TASK ITEM: Exact copy required. Repeat the records, but keep the pictures out.

DATASET RECORDS:
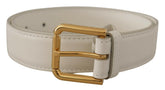Dolce & Gabbana White Calf Leather Gold Tone Logo Metal Buckle Belt -   -  Dolce & Gabbana.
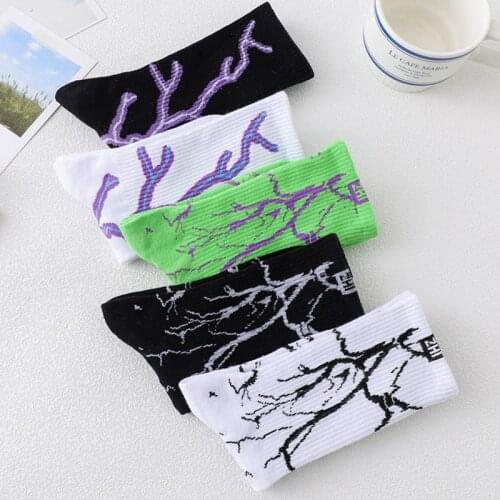 Unisex Funny Hip Hop Skateboard Sport Socks Fashion Harajuku Lightning Sock Casual Crew Long Socks Street Cotton Couples Soxs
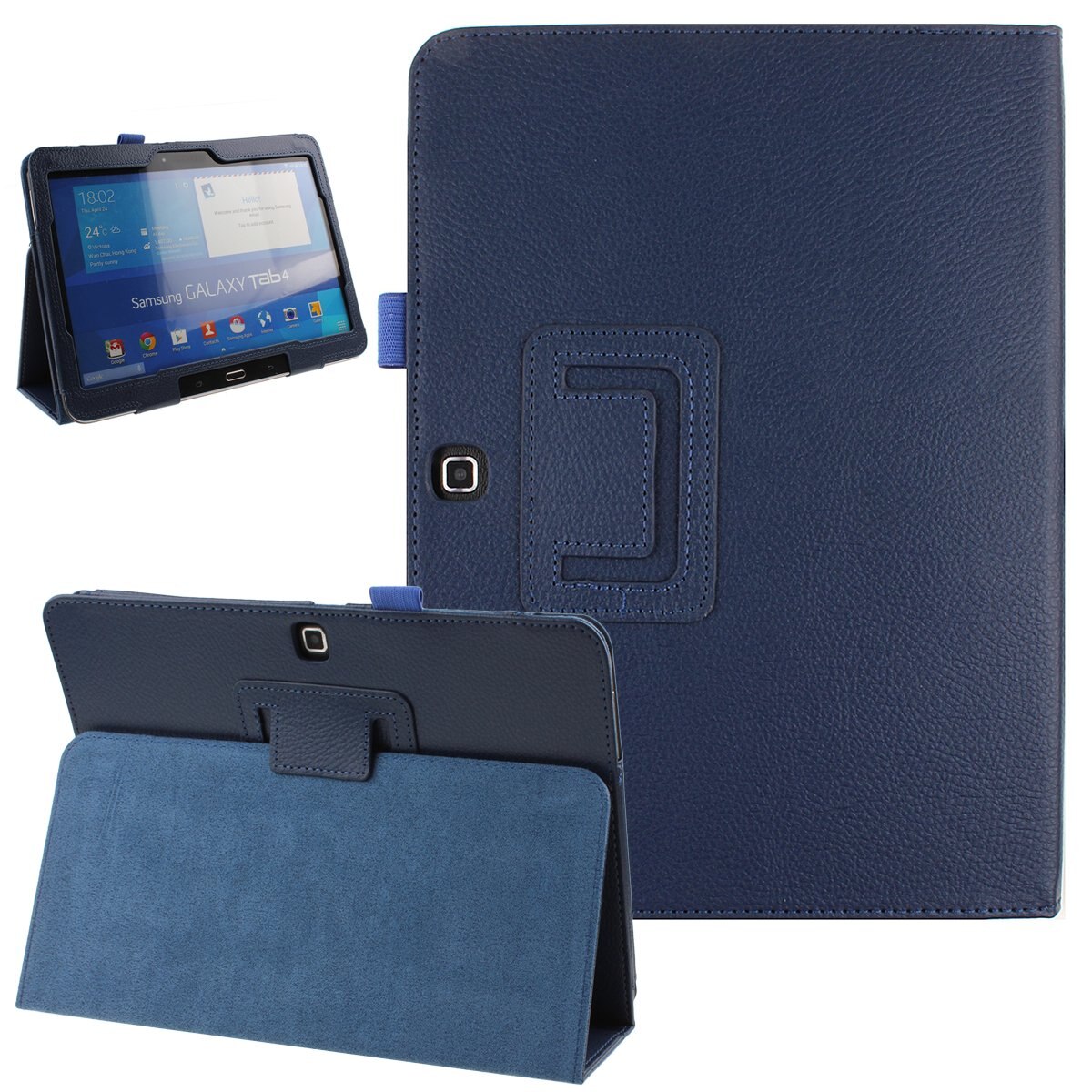 For Samsung Galaxy Tab 4 10.1 Case Foilo Stand PU Leather Cover For Samsung Galaxy Tab 4 10.1 T530 T531 T530 Tablet Funda Cases: Navy Blue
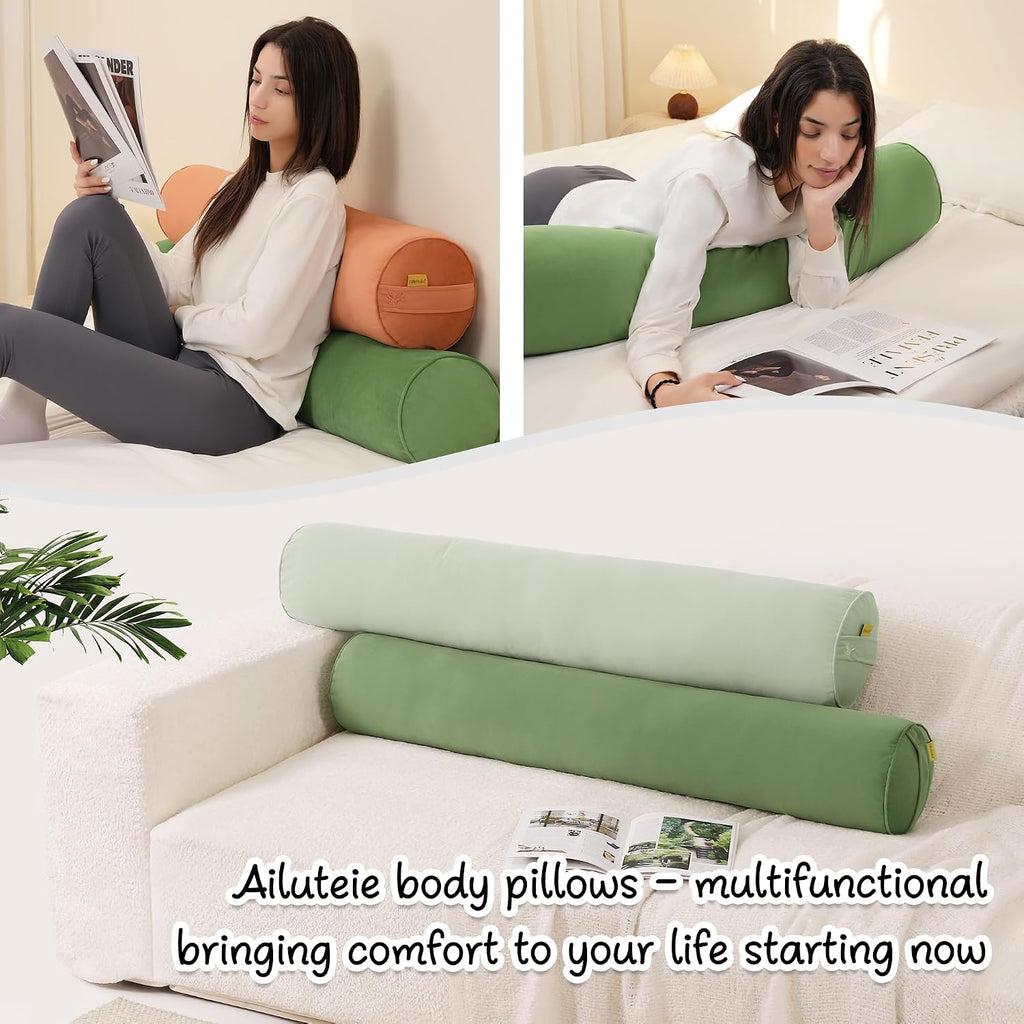 Body Pillow for Adults, Long Round Pillow, Big Cylindrical Pillow, Large Full Bolster Pillows for Side Sleepers (Olive Green, 39.37"*7.87")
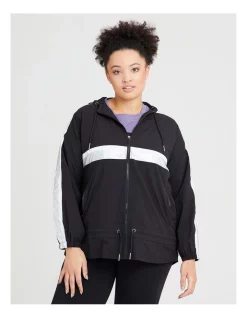 New ⌛ Taking Shape Spliced Metallic Active Jacket Black 😍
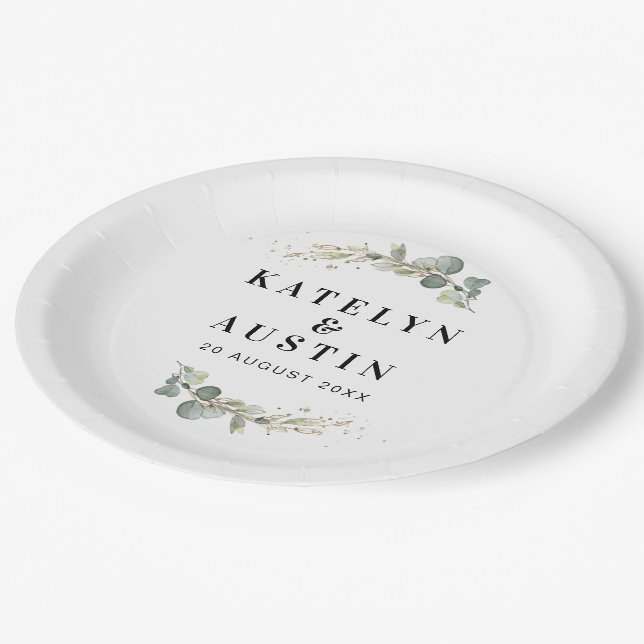 Watercolor eucalyptus wedding  paper plate (Angled)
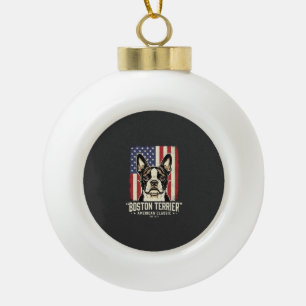 Adorno De Cerámica Tipo Bola Bandera clásica americana del Boston Terrier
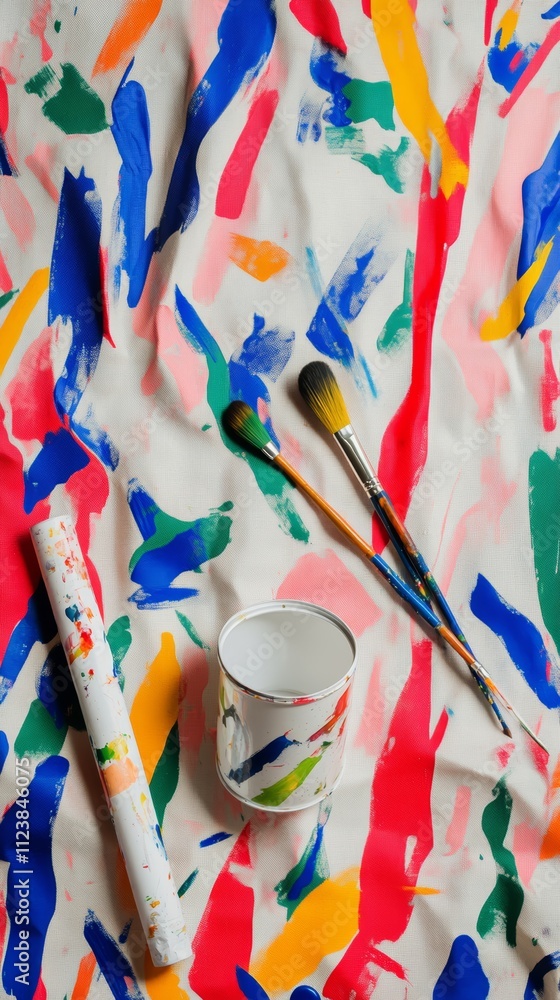 Poster a white canvas is covered with abstract brushstrokes in various colors. two paintbrushes and a can o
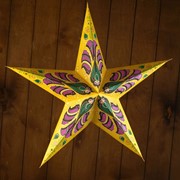 Светильник бумажный “Звезда“ 1х25Вт Е14 жёлто-сиреневый 60х55х24 см фото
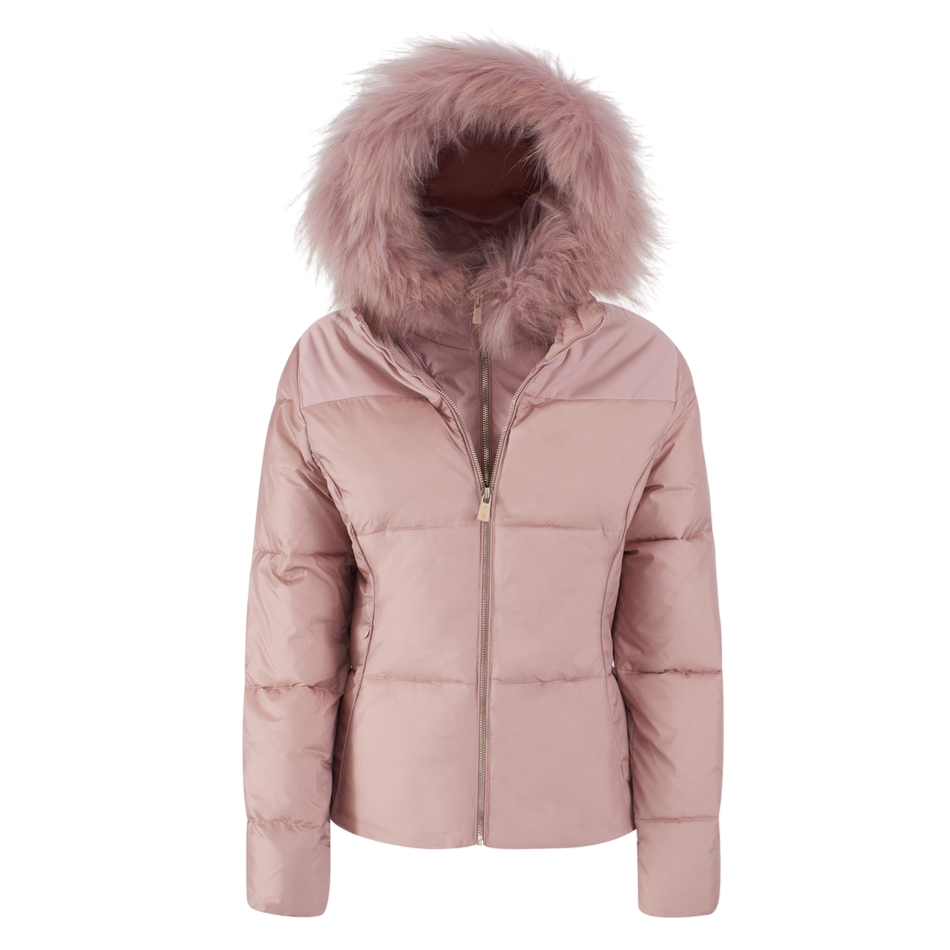Yes Zee piumino trapuntato da ragazza a doppiopetto con cappuccio e pelliccia J016 QVJJ 0406 rosa antico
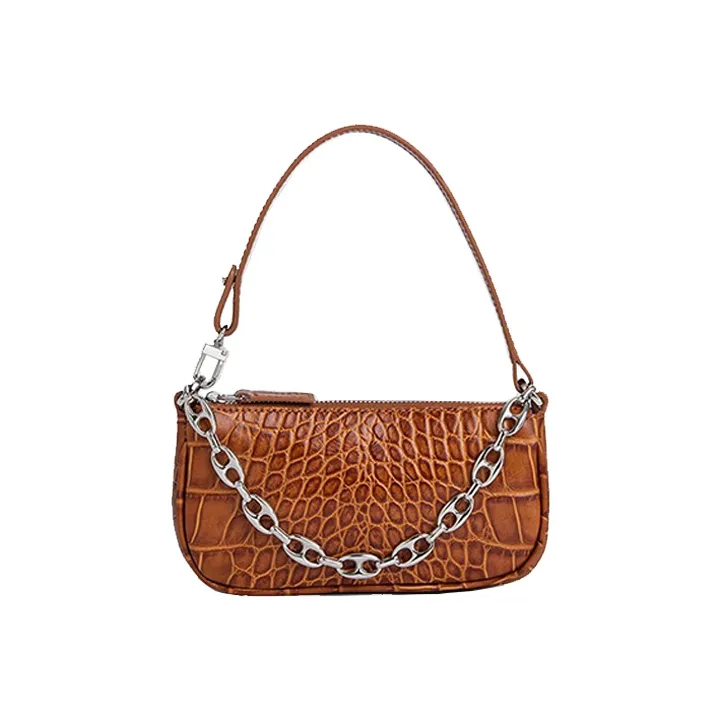 By Far Mini Rachel Кожа Сумка-багет Сумка Сумка через плечо Мини Женская Коричневая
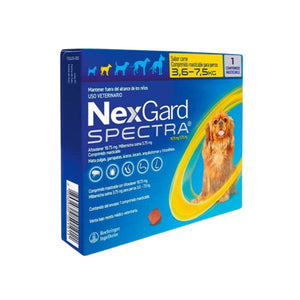 NexGard Spectra - Antiparasitario para perros de 3,6 a 7,5 Kg. (1 comprimido)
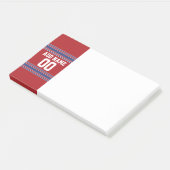 Teamtrui met aangepaste naam en nummer post-it® notes (Schuin)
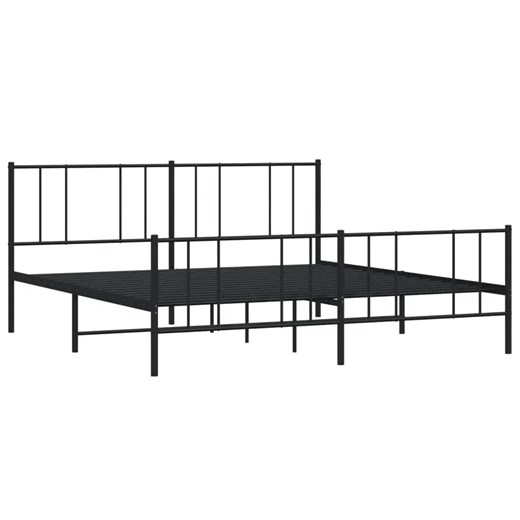 Czarne metalowe łóżko małżeńskie 200x200cm S6-L59 ze sklepu Edinos.pl w kategorii Łóżka i materace - zdjęcie 172233846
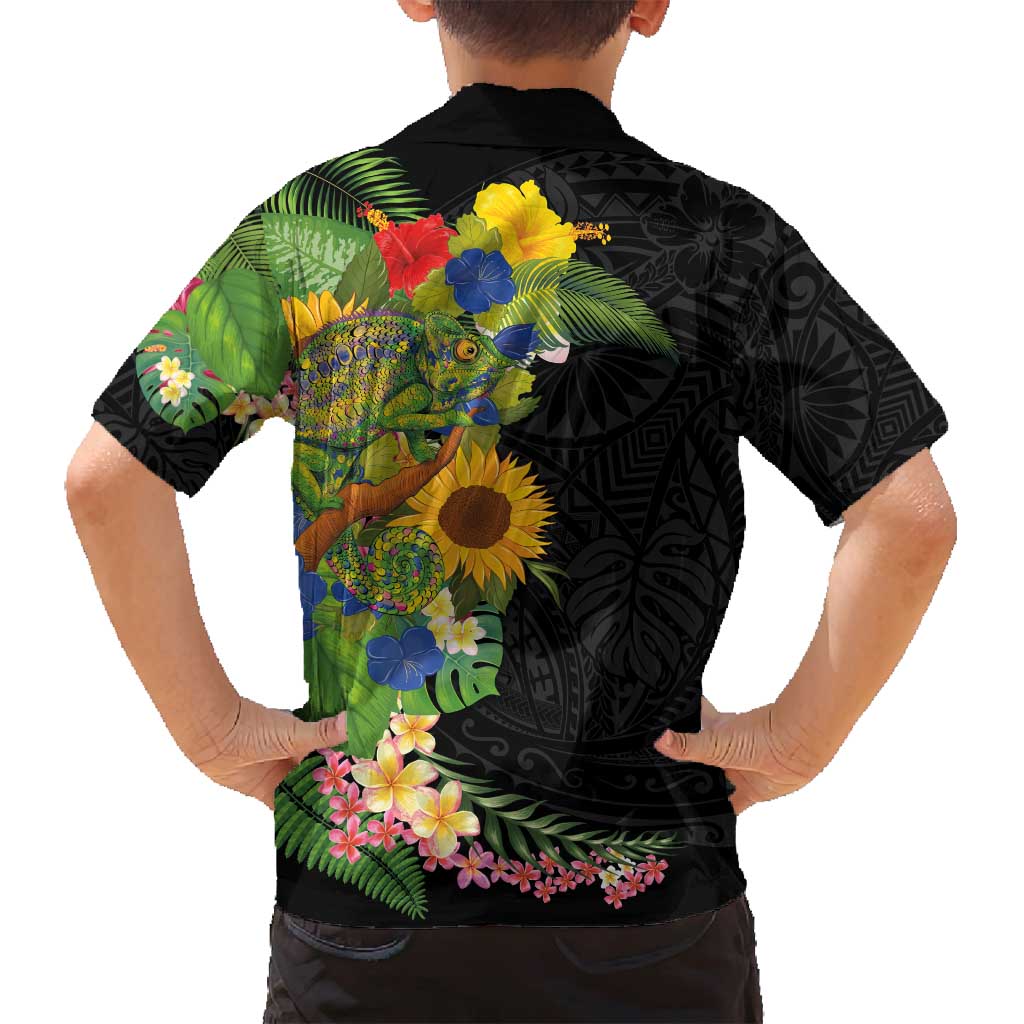 Hawaiian Tropical Plants and Chameleon Family Matching Summer Maxi Dress and Hawaiian Shirt Polynesian Art Colorful LT03 - Polynesian Pride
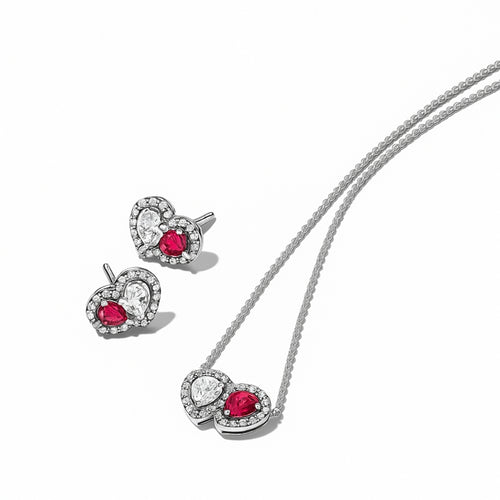Set bijuterii Cercei si Colier Dublu Heart cu Argint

THE ANSWER:
Dolce & Gabbana White Calf Leather Gold Tone Logo Metal Buckle Belt -   -  Dolce & Gabbana.
 Unisex Funny Hip Hop Skateboard Sport Socks Fashion Harajuku Lightning Sock Casual Crew Long Socks Street Cotton Couples Soxs
 For Samsung Galaxy Tab 4 10.1 Case Foilo Stand PU Leather Cover For Samsung Galaxy Tab 4 10.1 T530 T531 T530 Tablet Funda Cases: Navy Blue
 Body Pillow for Adults, Long Round Pillow, Big Cylindrical Pillow, Large Full Bolster Pillows for Side Sleepers (Olive Green, 39.37"*7.87")
 New ⌛ Taking Shape Spliced Metallic Active Jacket Black 😍
 Watercolor eucalyptus wedding  paper plate (Angled)
 Adorno De Cerámica Tipo Bola Bandera clásica americana del Boston Terrier
 Poster a white canvas is covered with abstract brushstrokes in various colors. two paintbrushes and a can o
 Светильник бумажный “Звезда“ 1х25Вт Е14 жёлто-сиреневый 60х55х24 см фото
Yes Zee piumino trapuntato da ragazza a doppiopetto con cappuccio e pelliccia J016 QVJJ 0406 rosa antico
 By Far Mini Rachel Кожа Сумка-багет Сумка Сумка через плечо Мини Женская Коричневая
 NexGard Spectra - Antiparasitario para perros de 3,6 a 7,5 Kg. (1 comprimido)
 Teamtrui met aangepaste naam en nummer post-it® notes (Schuin)
 Czarne metalowe łóżko małżeńskie 200x200cm S6-L59 ze sklepu Edinos.pl w kategorii Łóżka i materace - zdjęcie 172233846
 Hawaiian Tropical Plants and Chameleon Family Matching Summer Maxi Dress and Hawaiian Shirt Polynesian Art Colorful LT03 - Polynesian Pride
Set bijuterii Cercei si Colier Dublu Heart cu Argint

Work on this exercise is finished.